A natural next move is to manipulate the relations (1), (2) and (3) to isolate variables on the right; this will (hopefully) restrict the choices for p. There are a lot of similarities on the RHSes of the 3 relations so we can hope that something simple comes out of it.

(2) - (1) gives

p \mid R + r, \hspace{2em}-(4)

and (3) - (2) gives

p \mid R - 2r. \hspace{2em}-(5)

The R term is repeated in the 2 relations above! We can subtract one from the other to obtain

\begin{aligned} p &\mid (R+r) - (R-2r), \\  p &\mid 3r. \end{aligned}

Remember that 0 < r < p? This means that p is relatively prime to r, and so

p \mid 3, i.e. p = 3.

This is a big result! Because of condition (b), we must have b = 0, a = 1, c = 2 and r = 1. Let’s update our variable diagram:


The new (2) is the easiest to make sense of: B must be a multiple of 3. For each value of B, we can list the admissible values of A and C:


At first, as B increases, the number of possible triplets increases.
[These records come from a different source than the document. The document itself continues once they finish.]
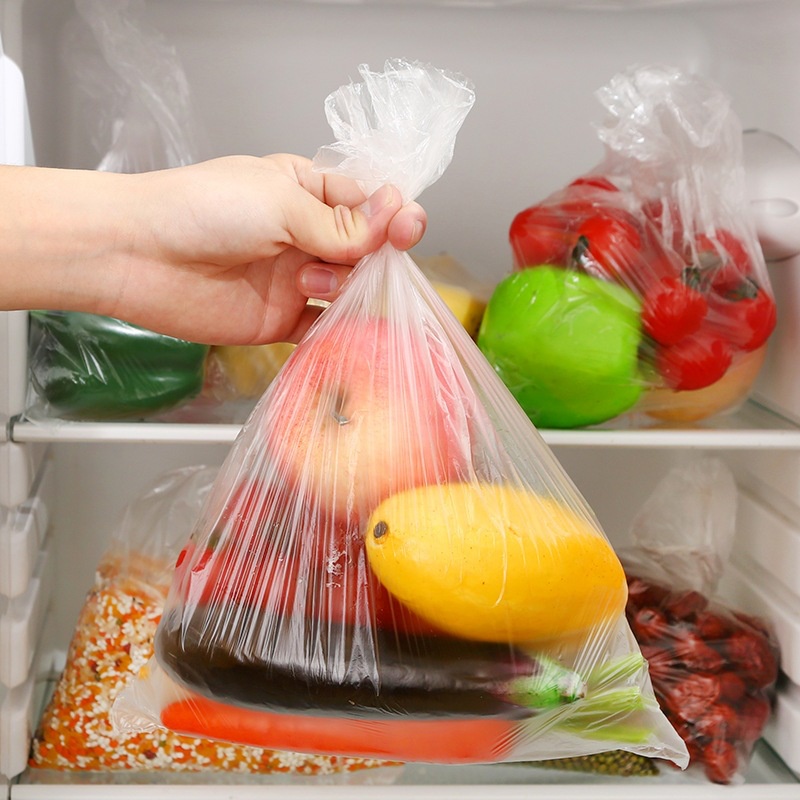 Túi Đựng Thực Phẩm Nhiều Kích Cỡ, Túi Bọc Thực Phẩm Tự Hủy Sinh Học Tiện Lợi, Sạch Sẽ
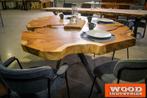 suar hout boomstamtafel uit 1 stuk unieke houten eettafels, Overige vormen, 200 cm of meer, 50 tot 100 cm, Nieuw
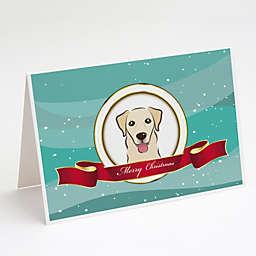 Caroline's Treasures Golden Retriever Merry Christmas Greeting Cards and Envelopes Pack of 8 7 x 5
For each B, the thing that is stopping more possible triplets is hitting up against the constraint that A \geq 0. However, at some point as B gets too big, the constraint we hit up against first is C \leq 99.

Where does this happen? One might imagine that it happens somewhere in the middle:

If B = 48, then when A = 1, we have C = 48 \times 2 - 1 = 95 which is admissible. Hence, the constraint we hit first is still A \geq 0.

If B = 51, then when A = 1, we have C = 51 \times 2 - 1 = 101 which is inadmissible. Hence the constraint we hit first is now C \leq 99.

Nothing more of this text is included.